# Breeding Krobias



## Tommi (Oct 11, 2006)

About six months ago I bought four Krobia sp. "xingu"'s from LFS. They were around 5cm TL. Soon after this I spotted a pair who were circling tank together. They bred couple times but in communitytank eggs lasted less than a hour before they got eaten. I set up a 500 litres tank and separated it in two halves with glass. Other side is now quarantine tank for new fish and other side is for Krobias now.

Here's that tank right after setup. Right side is my Xingu and in left there is three L200 and Spectracanthicus murinus in quarantine before putting them in main commtank.










Female still in commtank, but ready to spawn.

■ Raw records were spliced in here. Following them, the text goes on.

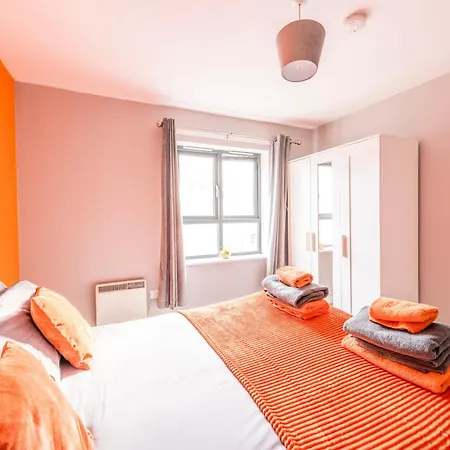 Lejlighed Prime Location - Modern City Apartment!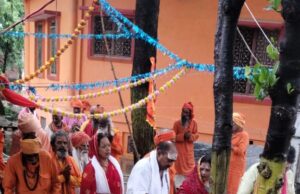 अग्निमंथन से निकली ज्वाला, हवन कुंड में 251 जड़ी बूटियों से निर्मित हवन सामग्री से दी गई आहुति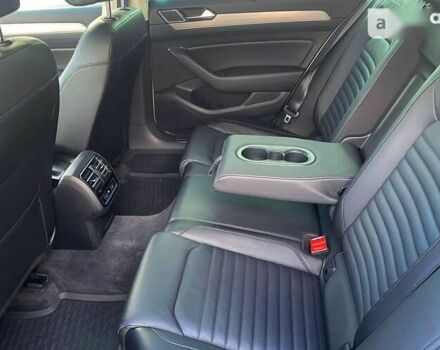 Фольксваген Пассат, объемом двигателя 2 л и пробегом 172 тыс. км за 27500 $, фото 22 на Automoto.ua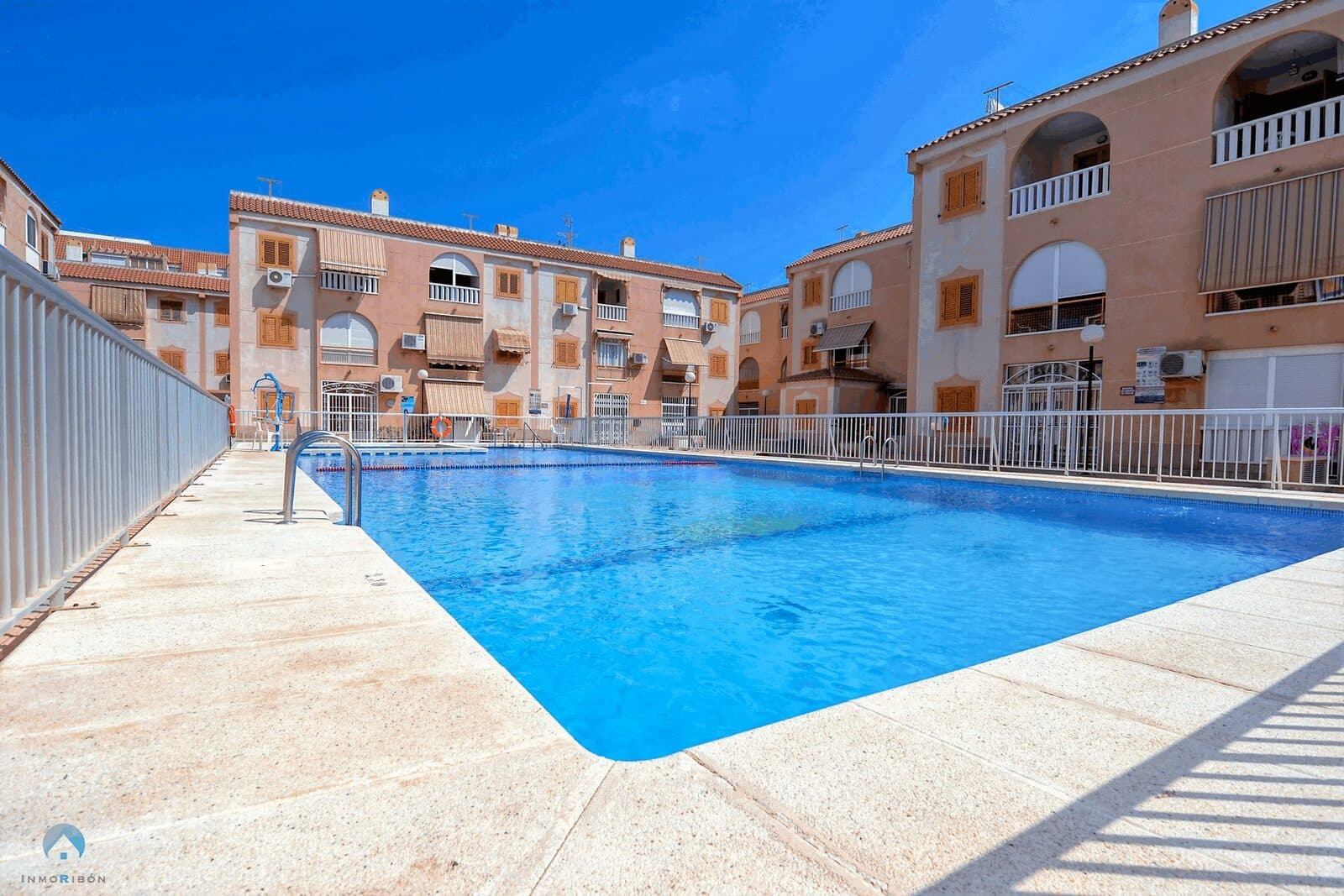 Luminoso Apartamento Con Piscina Cerca de la Playa Naúfragos — Torrevieja, foto 2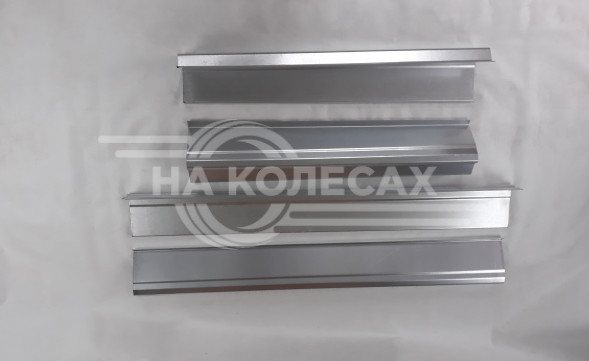 Ремонтные пороги Chrysler Town &amp; Country 4 (составные)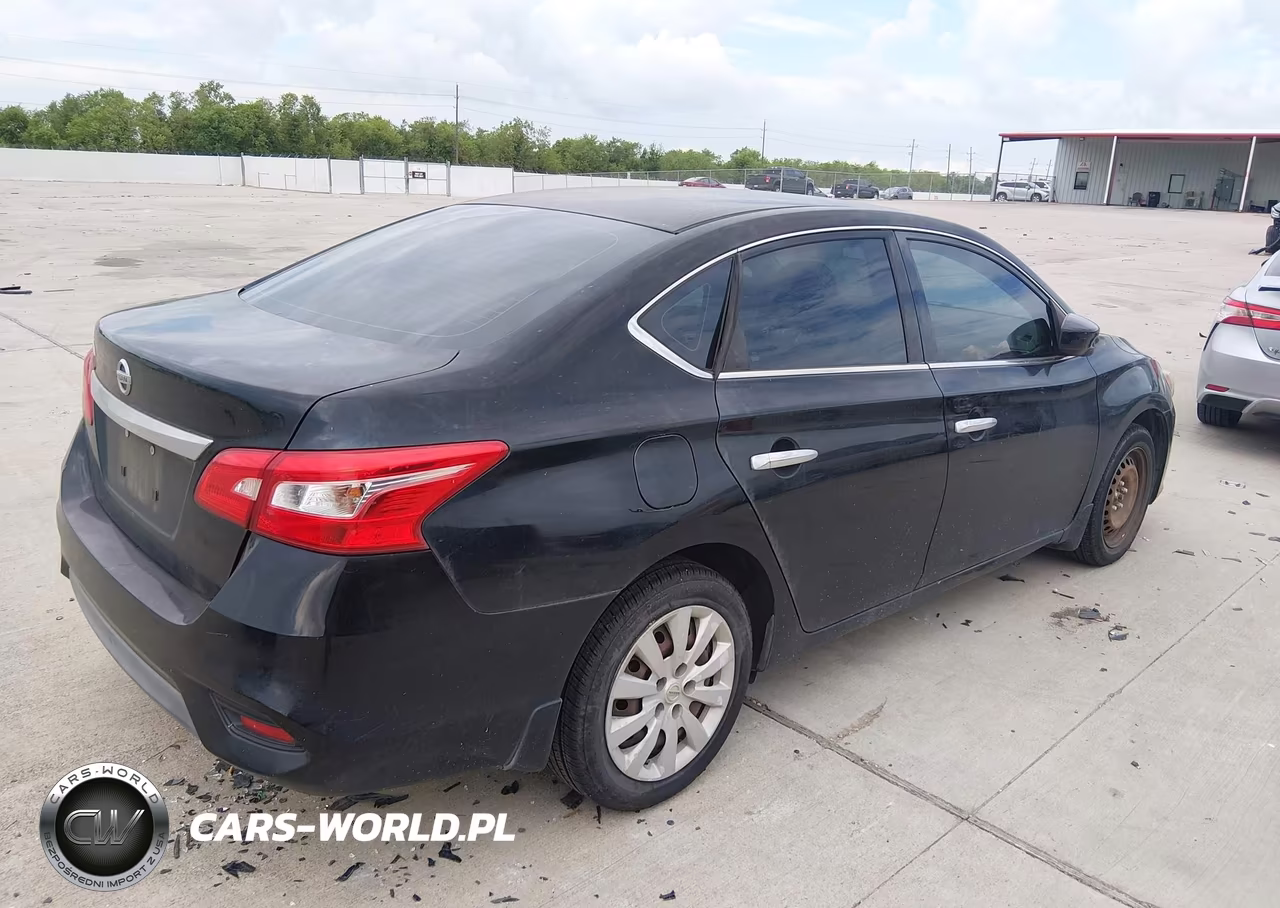 2016 Nissan Sentra S VIN:3N1AB7AP5GL681226 - 4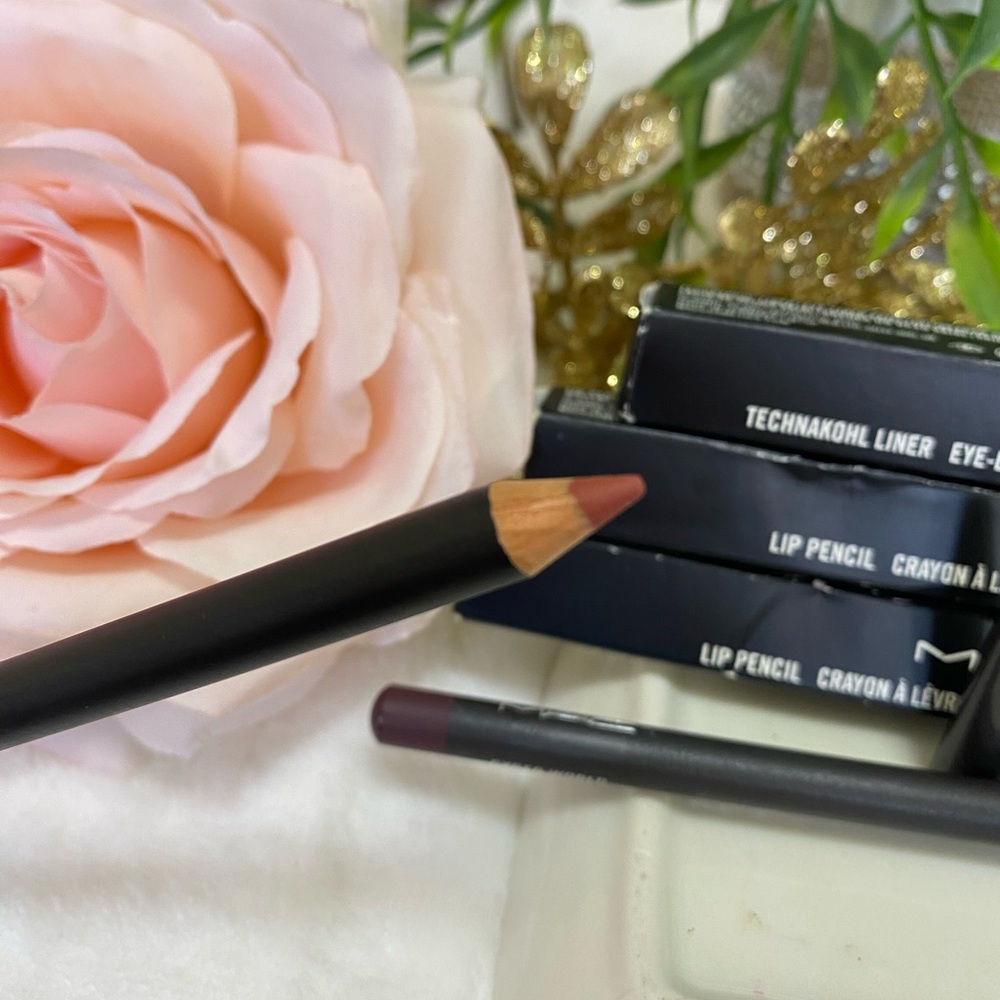 MAC 2 LIP PENCIL ✏️ COLORS CHICORY AND CIBER WORLD +EYE LINER PHOTOGRAVURE - Picture 6 of 11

Both parents in their own tank.










Eggs, not too many but fish arent that big yet.










Guarding parents, first time.










Three days later, movement.










Around ten days later.



















Almost three weeks old.



















Last photos taken yesterday, hopefully everything goes well in future too. Couple more pic as links.

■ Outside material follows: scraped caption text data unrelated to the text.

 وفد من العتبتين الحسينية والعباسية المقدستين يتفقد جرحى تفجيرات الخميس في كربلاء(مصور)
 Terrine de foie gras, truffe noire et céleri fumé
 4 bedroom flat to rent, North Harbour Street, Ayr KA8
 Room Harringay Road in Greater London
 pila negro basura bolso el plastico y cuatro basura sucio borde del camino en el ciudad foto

http://sv.aqua-web.org/kuvat/krobkutu1.jpg
http://sv.aqua-web.org/kuvat/krobkutu2.jpg
http://sv.aqua-web.org/kuvat/krobkutu4.jpg
http://sv.aqua-web.org/kuvat/krobia2.jpg


----------



## dwarfpike (Jan 22, 2008)

Beautiful fish! Reminds me of Laetacara in shape. Wish I lived in Finland so you could ship me some of those fry! Even your quarentine tank is beautiful!!!


----------



## Rafael. (Apr 8, 2005)

Wonderful. :thumb:


----------



## edburress (Jun 9, 2007)

Beautiful tank and fish :thumb: The fry look like they are going great, keep updating

Ed


----------



## CHK (Jan 12, 2007)

Beautiful tanks and fish. Good job! :thumb:


----------



## DeadFishFloating (Oct 9, 2007)

*Tommi* all your tanks are awesome. Love your krobias and keep the photos coming.


----------



## Tommi (Oct 11, 2006)

Update. I moved parents back to communitytank and moved also some plecoyoungsters to krobiatank. It seems I havent lost any fry in week or so and I quess I have about 40 babys.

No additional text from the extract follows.